(Collection entries)
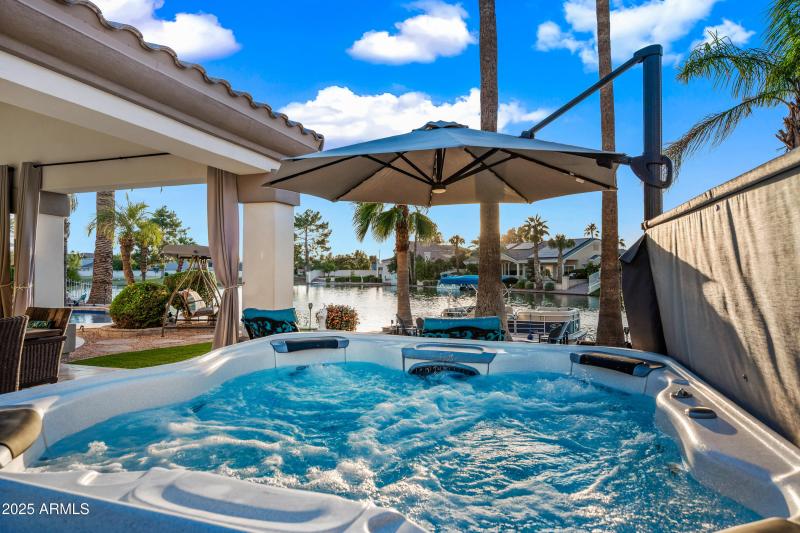 37-1817EWTC-ocupix-IR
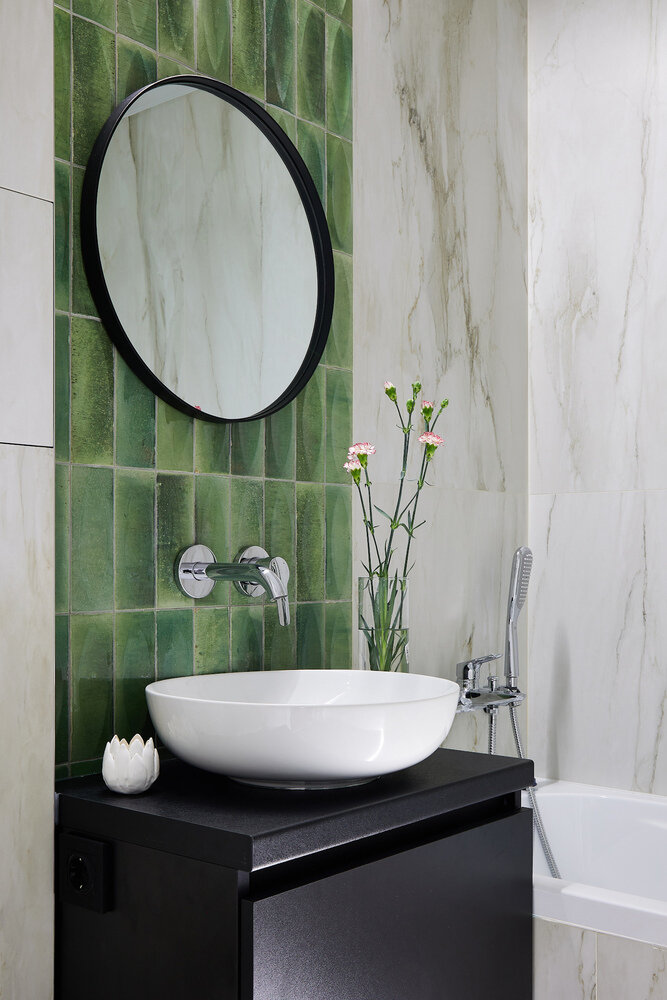 Фотография: Ванная в стиле Современный, Минимализм, Малогабаритная квартира, Квартира, Проект недели, Минск, Хрущевка, 2 комнаты, 40-60 метров, Татьяна Самадурава – фото на INMYROOM Фотография: Ванная в стиле Современный, Минимализм, Малогабаритная квартира, Квартира, Проект недели, Минск, Хрущевка, 2 комнаты, 40-60 метров, Татьяна Самадурава – фото на INMYROOM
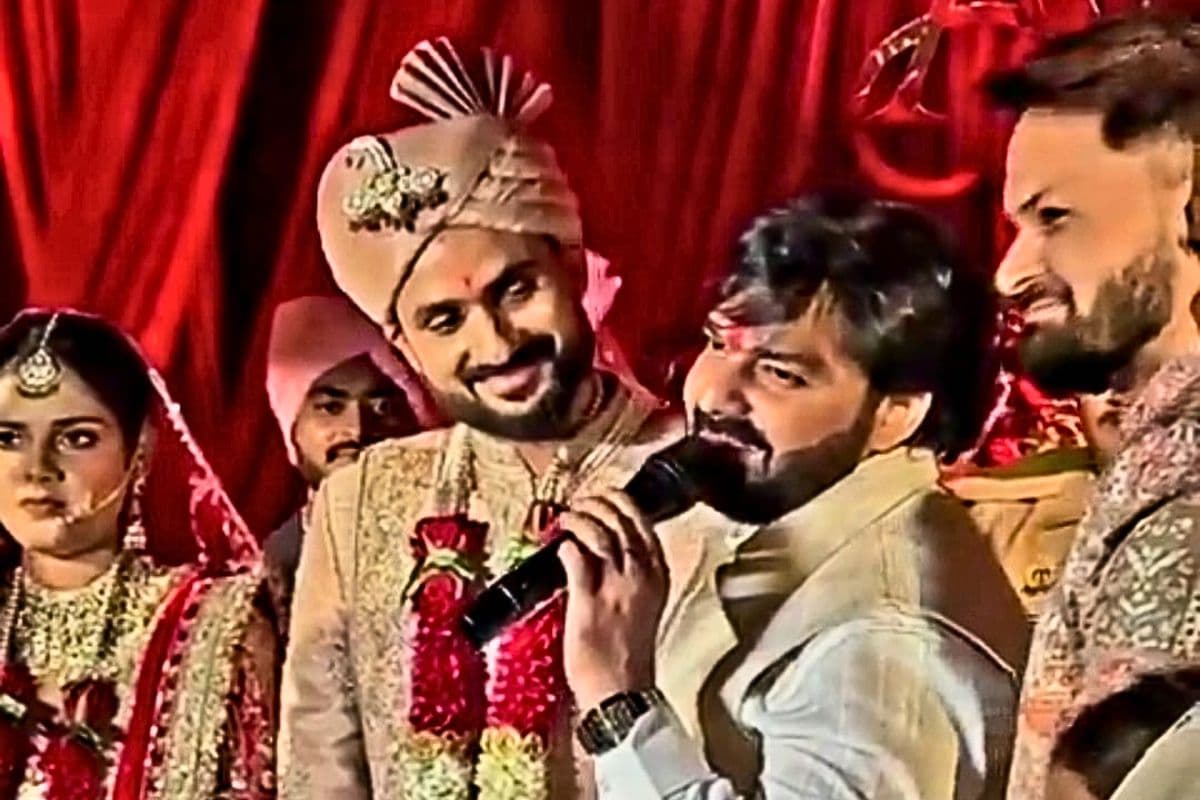 पवन सिंह ने 'भगवान बड़ी फुर्सत से…' गाकर लूटी महफिल, आकाशदीप की शादी में झूमे मेहमान, दुल्हन ने छुए पैर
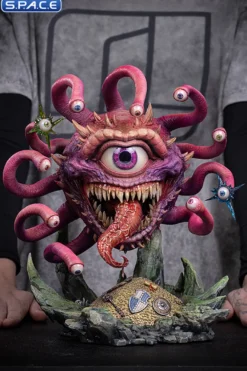Beholder Icons Statue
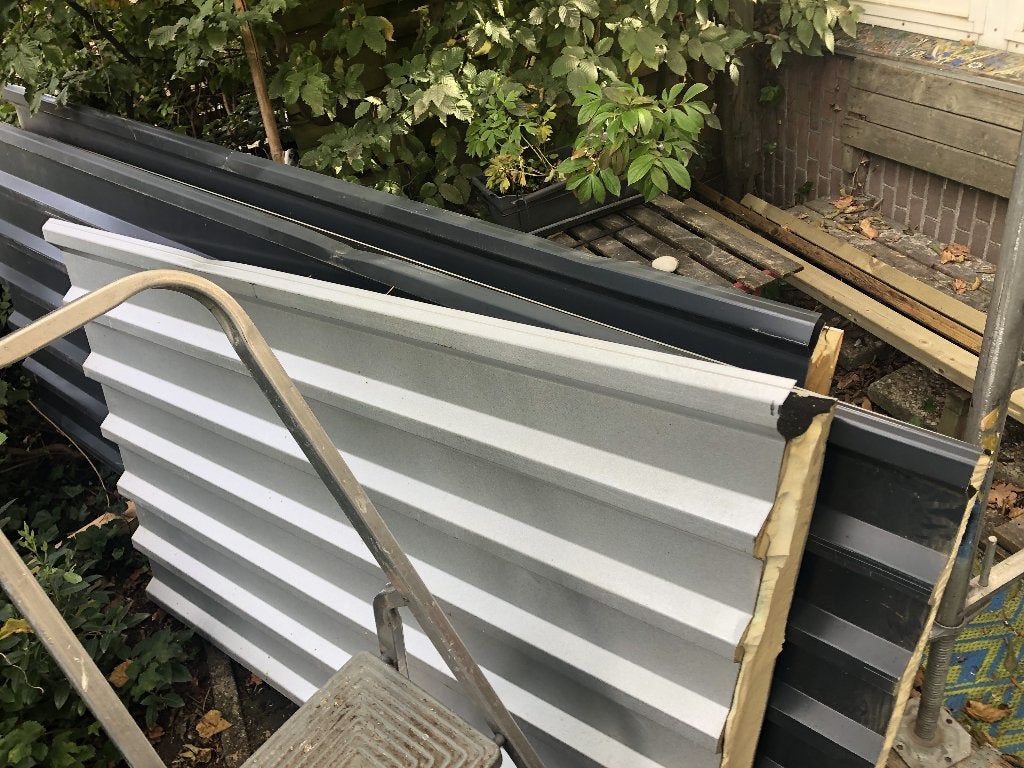 sandwich platen, 10 tot 15 m², Zo goed als nieuw, Metaal, Grijs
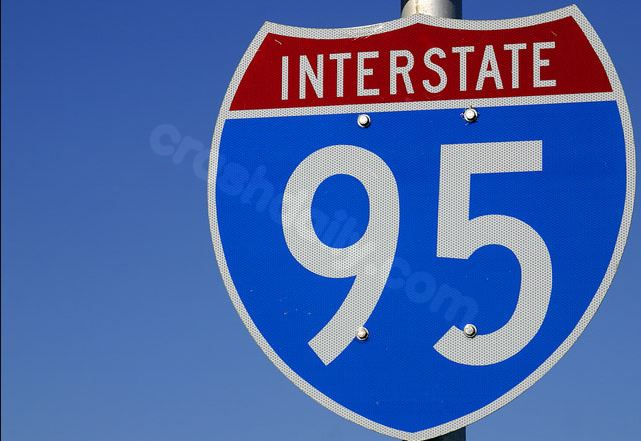 1 dead, another critical after crane overturns on I-95 in Johnston County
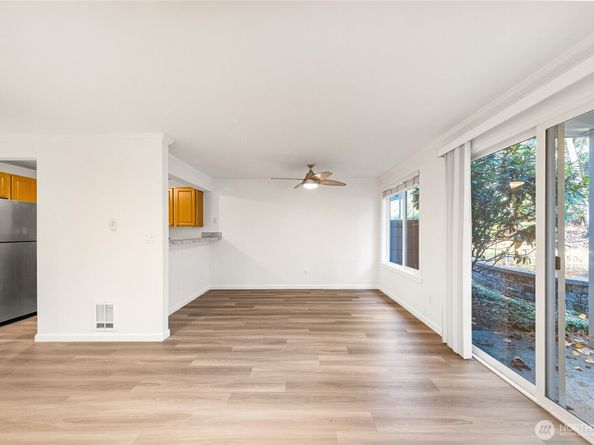 10026 NE 127th Place D117, Kirkland WA 98034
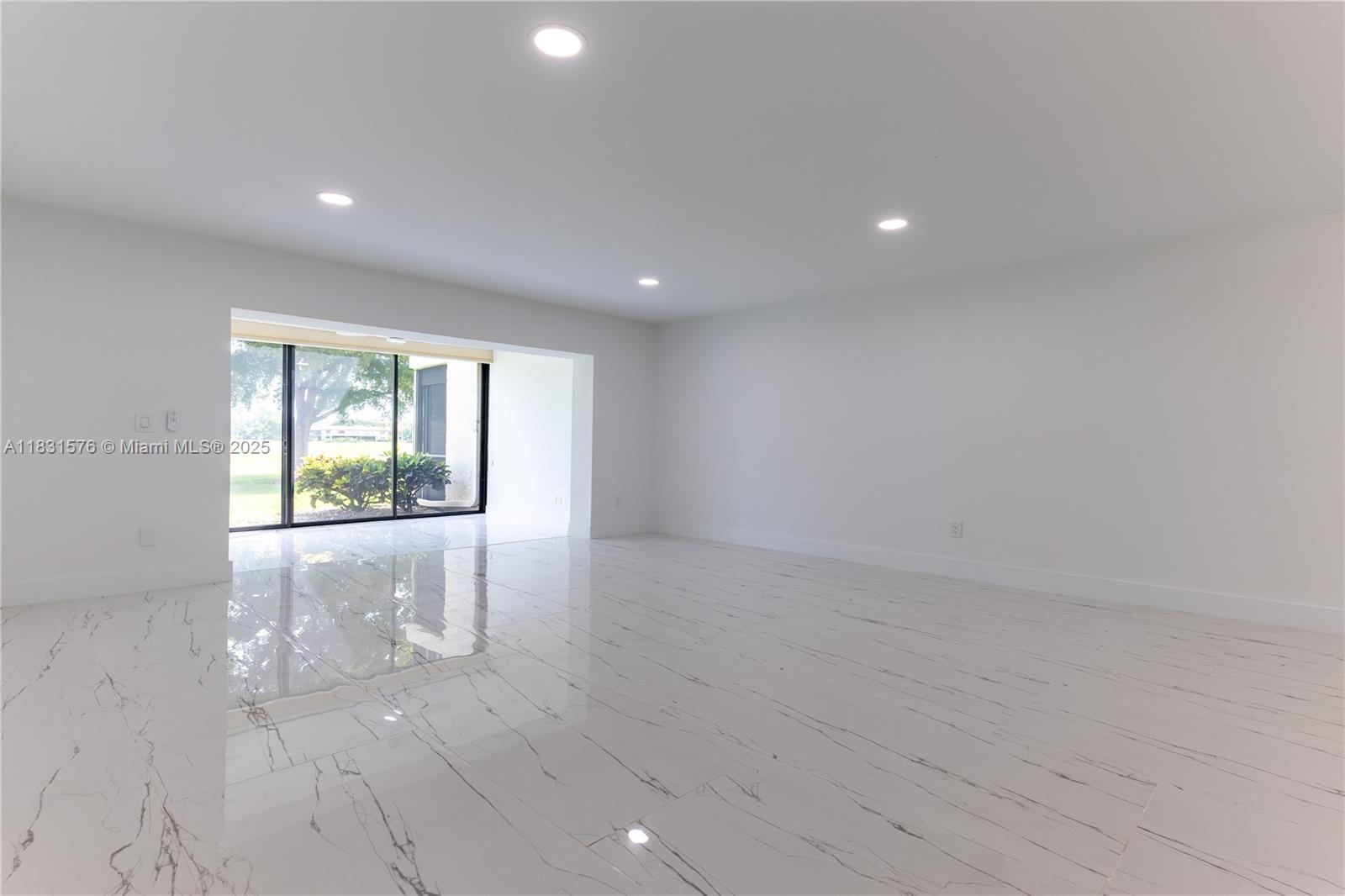 8435 Casa Del Lago #C, Boca Raton, Florida image 10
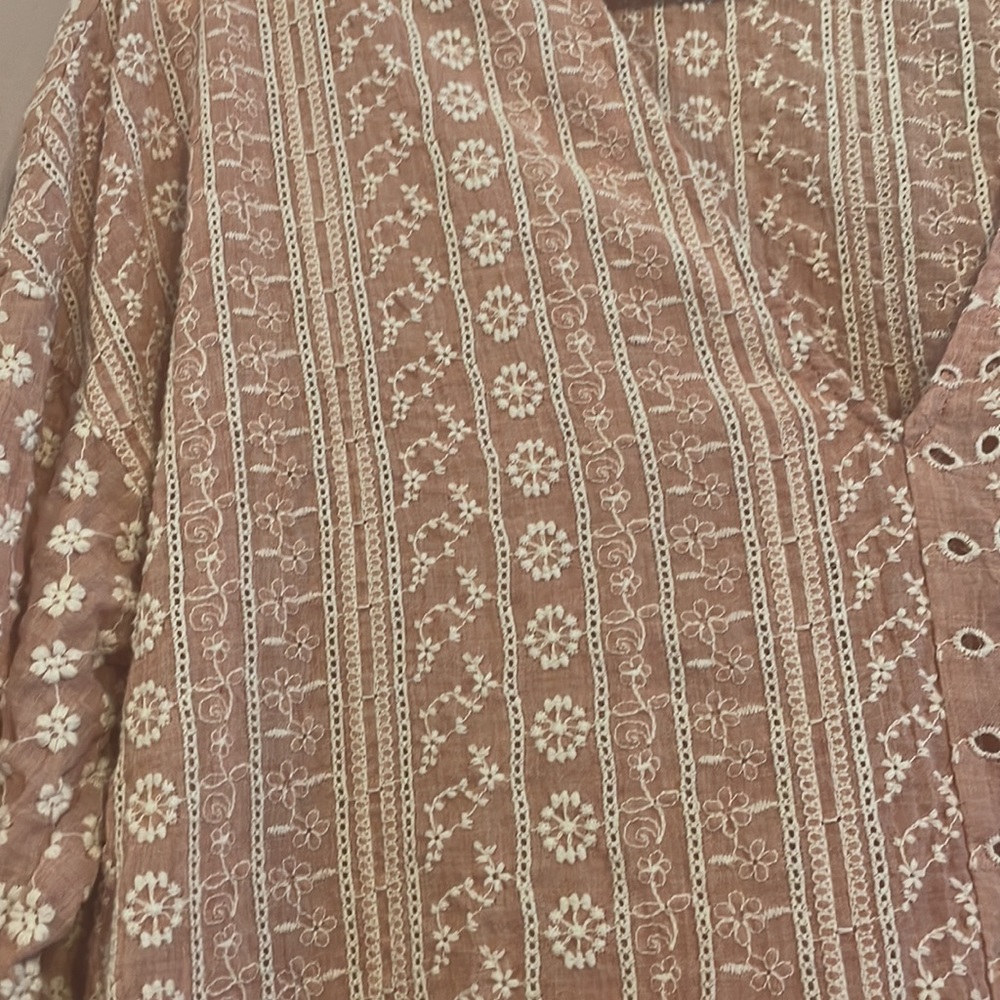 Zara blouse - Picture 2 of 4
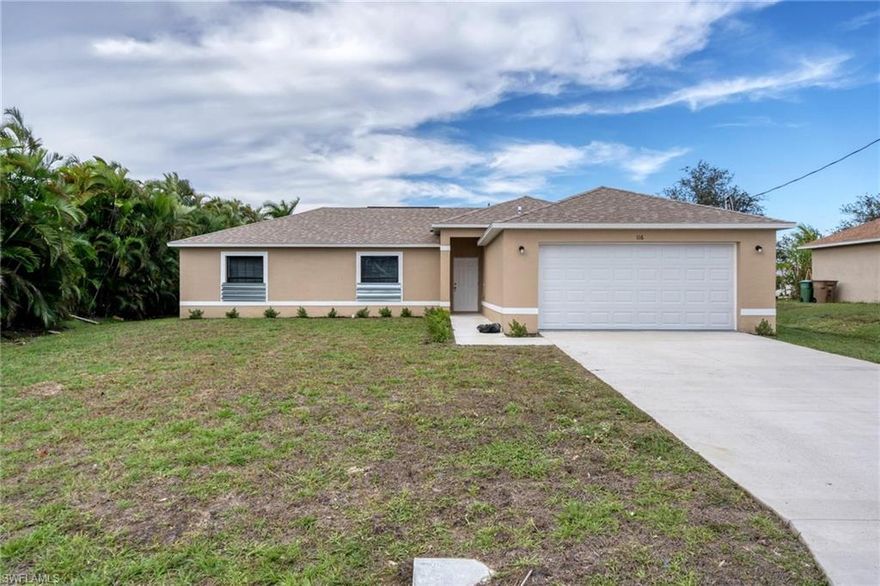 BRAND NEW HOUSE ON THE FRESH WATER CANAL OFFERS 3-BED, 2-BATH, 2-CAR GARAGE, GRANITE COUNTEP TOPS, TILE FLOORING, STENLEY STEEL APPLIANCES AND MUCH MORE. BUYER ASSUME BALANCE OF ASSESSMENTS .ENJOY THE VIEW FROM YOUR OWN BACK YARD.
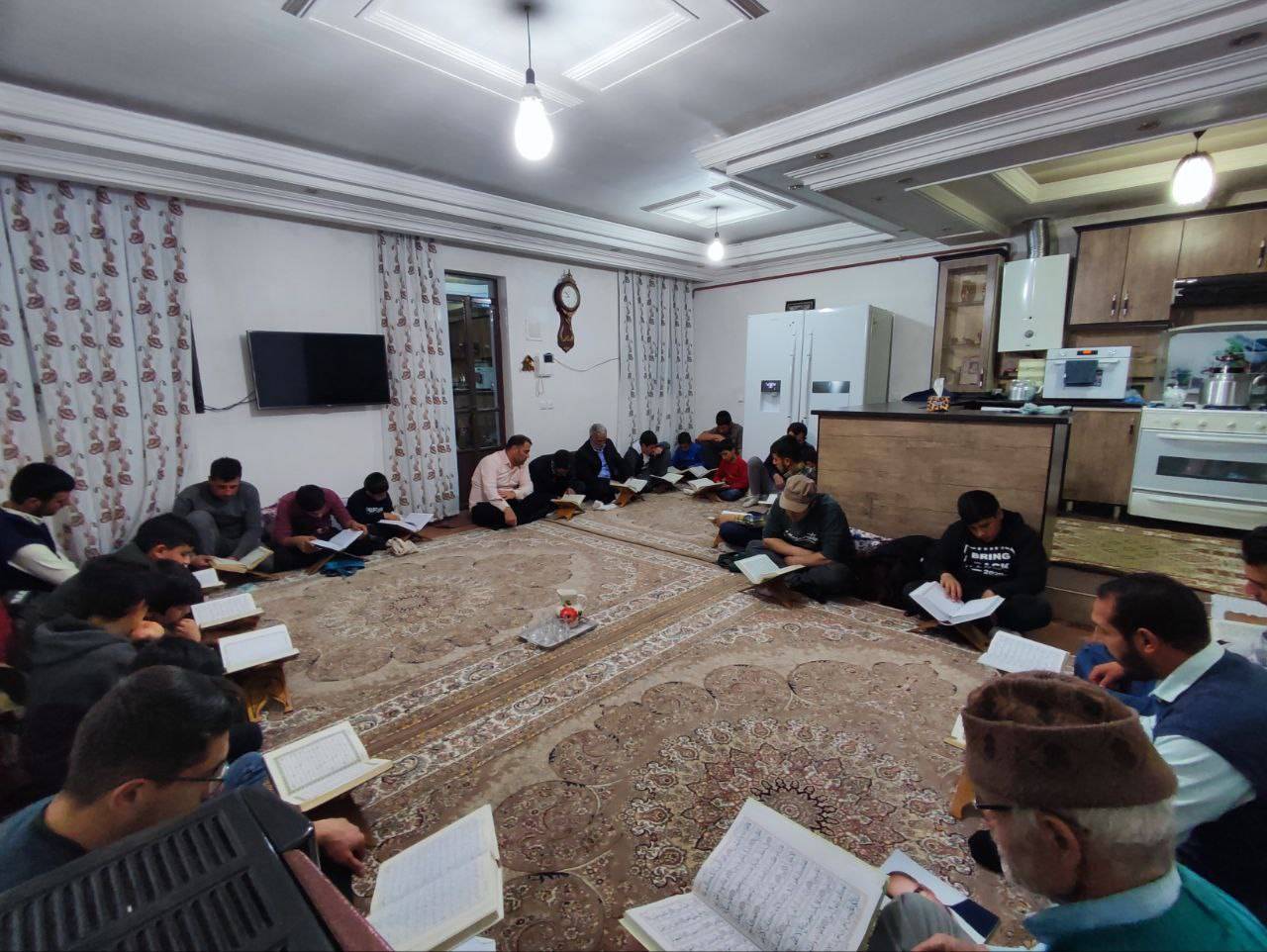 مراسم انس با قرآن در روستای توآباد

#### TASK OBJECTIVE
From the line with "8435 Casa Del" to the final line of the records, inclusive, set down the lines exactly and add nothing; leave every picture out.

#### REPLY TO THE EXERCISE
 8435 Casa Del Lago #C, Boca Raton, Florida image 10
 Zara blouse - Picture 2 of 4
 BRAND NEW HOUSE ON THE FRESH WATER CANAL OFFERS 3-BED, 2-BATH, 2-CAR GARAGE, GRANITE COUNTEP TOPS, TILE FLOORING, STENLEY STEEL APPLIANCES AND MUCH MORE. BUYER ASSUME BALANCE OF ASSESSMENTS .ENJOY THE VIEW FROM YOUR OWN BACK YARD.
 مراسم انس با قرآن در روستای توآباد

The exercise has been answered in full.